La bataille commence en début d’année 2011 lorsque le comité s’attaque à 8 supérettes de Franprix, Monop', G20, Spar et Carrefour City pour violation de la réglementation. Reconnues coupables, la justice les appelle à respecter les règles, sous peine d’une amende de 6 000 euros pour chaque dimanche où le magasin sera ouvert après 13 heures. Encouragé par cette première victoire, le Clip-P remet ça le 17 novembre 2011 en traînant au tribunal cinq Franprix et Carrefour City, puis le 22 novembre avec 12 autres. D’ores et déjà sont prévues de nouvelles comparutions pour une trentaine d’autres commerces. Inutile de dire que le comité n’entend pas lâcher l’affaire. D’autant que, si la lutte s’inscrit dans la sauvegarde des acquis sociaux, elle porte aussi en elle un certain choix de société où la marchandise n’inonde pas chaque jour de nos vies. Voici d’ailleurs ce que confiait récemment le Clip-P : « La capitale n’a pas vocation à devenir un vaste centre commercial ouvert 7 jours sur 7… Et les salariés ont droit à ce temps de repos dominical privilégié et indispensable à leur vie personnelle. Ces dérives ne doivent pas avoir force de loi. »
Si cette lutte peut sembler « anecdotique » ou « symbolique » (certaines supérettes étant prêtes à ouvrir le dimanche malgré l’amende), il est néanmoins possible qu’elle engendre quelques avancées sociales du point de vue de la loi. En novembre, la commission des Affaires sociales a validé une proposition de loi visant à préserver le repos du dimanche. S’en prenant directement à la loi du 10 août 2009, elle affirme que, « dans l’intérêt des salariés, de leurs familles et de la société, le repos hebdomadaire est donné le dimanche. Aucune dérogation à ce principe n’est possible ». Elle énonce aussi que le « refus de travailler le dimanche pour un salarié d’une entreprise bénéficiaire d’une dérogation ne constitue pas une faute ou un motif de licenciement ». L’Assemblée nationale rejettera sans aucun doute cette proposition, mais sa simple existence souligne que ce petit acquis social qu’est le repos dominical n’est pas encore tout à fait mort. Il ne tient désormais qu’à nous de nous mobiliser contre ces attaques qui en veulent au principe même du droit au repos. Sans doute pareil combat paraîtra à certains horriblement réformiste ou bien trop inscrit dans le système salarial, mais rappelons-nous à cet égard la pensée de l’anarchiste Stephen Mac Say qui écrivait : « La réduction des heures de travail, la multiplication et l’étendue du repos sont des étapes, modestes certes, mais précieuses, dans cet arrachement de l’existence à l’étau du travail. Sans doute, les maux premiers sont de misère, de privations, d’insuffisance ; mais ceux qu’engendrent le travail sans mesure […] apportent la mort au travailleur et aux siens. Ce n’est pas dévier de sa route que de porter au premier plan des revendications immédiates du prolétaire le droit à la santé, que de lutter contre le surmenage, de batailler pour des conditions saines de vie au foyer comme à l’usine. »
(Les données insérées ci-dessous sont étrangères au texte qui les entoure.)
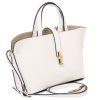 Agatha - Leather handbag (Farba Biela)
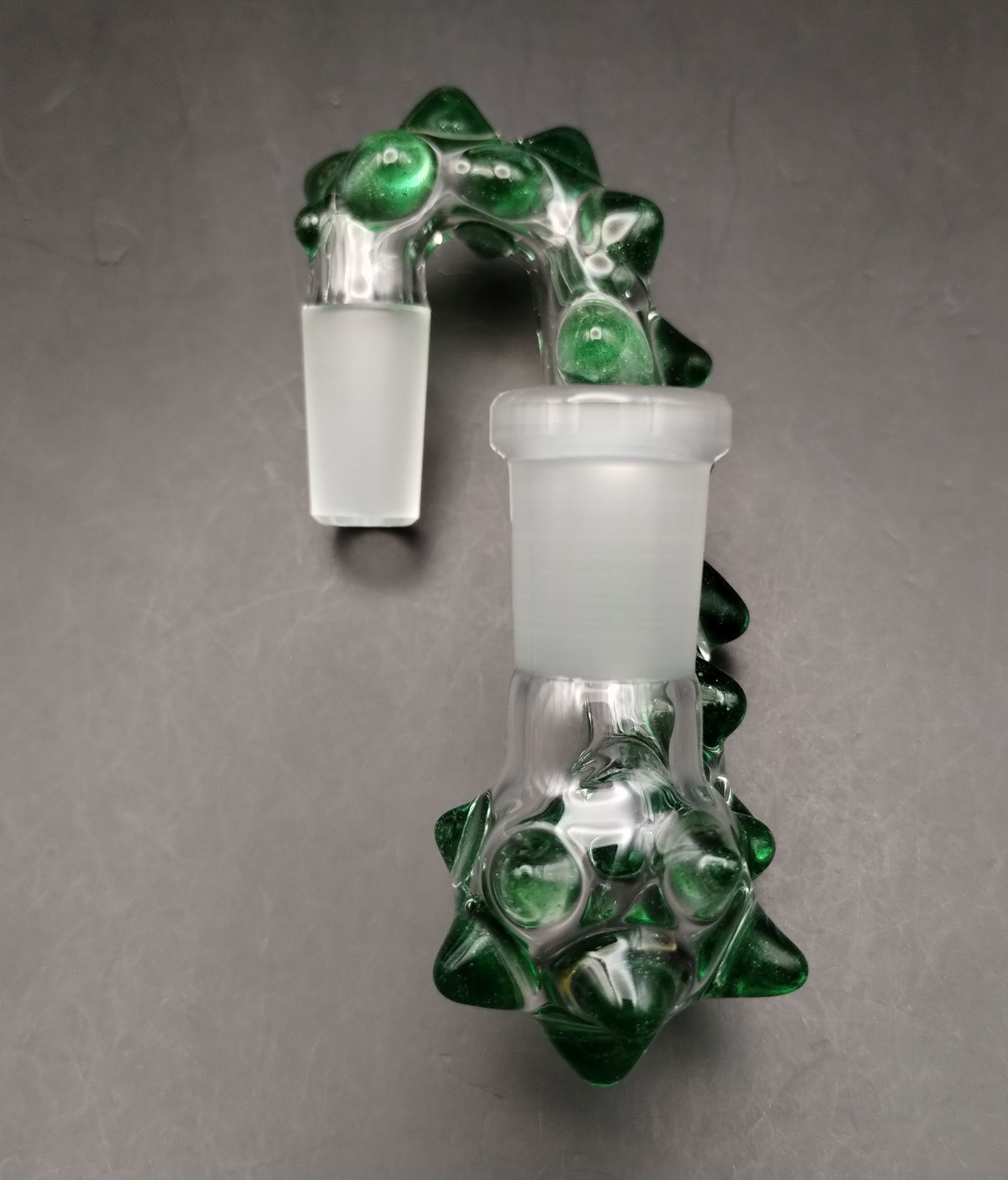 14mm Sparkle Green Glass Drop Down Attachment Adapter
Pour s’opposer aux violations des patrons de supérettes, les travailleurs concernés comme l’ensemble des consommateurs ont une marge de manœuvre. Boycotter les magasins contrevenant aux règles est un acte simple et non dénué d’efficacité. Et si jamais, un dimanche, on se rend compte qu’on n’a plus de farine, eh ben tant pis, la lutte des classes bouffera ses crêpes plus tard.